Helmut Schmidt, Published May 29 2010
Fargo’s buyouts don’t go up for saleFargo, unlike Moorhead or Cass County, doesn’t resell homes on the Red River it purchases in its buyout program – and city officials say that’s unlikely to change soon.
Instead, Fargo follows a strategy that’s a mix of salvage, demolition and home moving.
Working with home sellers, Habitat for Humanity and construction firms, the city’s idea is to contract with firms to clear homes off lots fast so levees and floodwalls can be built.
That’s how it worked for 24 homes Fargo purchased for $7.1 million in 2009, and that’s how it’s shaping up this year, officials say.
It’s not that the city is averse to making a buck back for the taxpayers, City Administrator Pat Zavoral said Friday. It’s that the homes sell for pennies on the dollar and they are tough to move.
About 40 homes were purchased in the mid-1990s when the city built its water plant, he said. The sale netted about $80,000. But, because Fargo is urbanized, there are large trees and power lines to move homes around.
“That sort of showed us it wasn’t practical for us to do it (move homes) in the inner city,” Zavoral said.
Similar problems popped up in the northside Ridgewood area after the 1997 flood, Zavoral said. Contractors only got one home out, he said.
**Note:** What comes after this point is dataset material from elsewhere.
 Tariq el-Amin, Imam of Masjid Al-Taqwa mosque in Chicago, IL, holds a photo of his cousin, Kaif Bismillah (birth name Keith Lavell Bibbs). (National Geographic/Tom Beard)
Fargo bids out home salvage and demolition contracts, Zavoral said. Firms awarded contracts to give the city a discount on demolition if they get salvage rights.
Homeowners and Habitat for Humanity may get to salvage items, too, which can leave homes as shells.
“We’re still dealing with people’s homes,” Zavoral said. “We’re trying to respect their emotions, too.”
This spring, the contract for Industrial Builders to salvage and remove homes was extended under the flood emergency. It paid off for the firm on one property when it sold a home at 701 Harwood Drive S., carved it into sections, and moved it before the river rose.
If the company had needed two more days, the $1.15 million house would have been kindling, said Senior Engineer April Walker. All contracts call for the city to get bare ground.
Four homes will be torn down this summer, said Assistant City Attorney Butch McConn. Two homes that are getting levees built in their backyards might be sold in an exception to the rule, he said.
On Thursday, Cass County netted $326,250 from the sale of 35 buyout homes and other buildings. They were purchased with nearly $9 million in federal, state and local funds.
County Auditor Mike Montplaisir said the county’s experience has been consistently positive.
“It makes every sense in the world” for the county to get more buyout funds by reselling homes,” he said. “It saves a lot of money.”